Bill sanctions cougar hunts using hounds

The Oregon House on Wednesday handily passed a bill that would open the door for some sport hunting of cougars with hounds in Oregon for the first time since voters banned the practice in 1994.

House Bill 2337 now will move to the Oregon Senate for consideration, marking the first time any proposed legislation to return sport hunting of cougars with hounds has passed one of the chambers of the Oregon Legislature. The vote was 45-14.

Modeled after a similar program in Washington state, the bill seeks to create a pilot program through the Oregon Department of Fish and Wildlife for public hound hunting, but only within counties whose governing bodies request it.

Tracking hounds widely are considered the most effective way to hunt cougars, and the dogs can track specific animals. ODFW statistics show that most cougars killed by hunters are targets of opportunity shot by deer or elk hunters.

The bill was lobbied for by the Oregon Hunters Association and earned the votes of Reps. Sal Esquivel, R-Medford, and Dennis Richardson, R-Central Point.

Esquivel said the bill would allow sport hunters to kill more cougars that cause livestock and other damage instead of using public funds to hire Wildlife Services agents who can use hounds on a limited basis.

"It's an avenue for us to make some money instead of spending some money, and the outcome is the same," Esquivel said after the vote.

Rep. Peter Buckley, D-Ashland, a vocal critic of the ODFW's cougar management strategies, voted against the measure. He said after Wednesday's session the vote was the wrong vote and that his colleagues should read peer-reviewed criticism of the department's cougar management plan. "I'm hoping the Senate will vote no or the governor will veto the bill," he said.

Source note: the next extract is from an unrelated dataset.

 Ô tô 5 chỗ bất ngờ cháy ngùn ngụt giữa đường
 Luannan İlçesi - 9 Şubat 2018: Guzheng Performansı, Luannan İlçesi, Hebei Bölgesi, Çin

The House bill was positioned as a way to reduce cougar-human conflicts and livestock predation in areas where other existing management tools have failed to manage cougars effectively. It also was written to sunset in 2020.

If the bill is adopted, ODFW would be required in 2020 to provide a summary of how the program aided in the collection of data for its Cougar Management Plan and determine whether the program would serve as a model for future cougar management efforts, according to the bill.

Sport hunting with hounds was banned by voters in 1994. Since then, bills seeking to reinstitute some form of hound hunting have appeared in every session, but none have made it through a legislative chamber.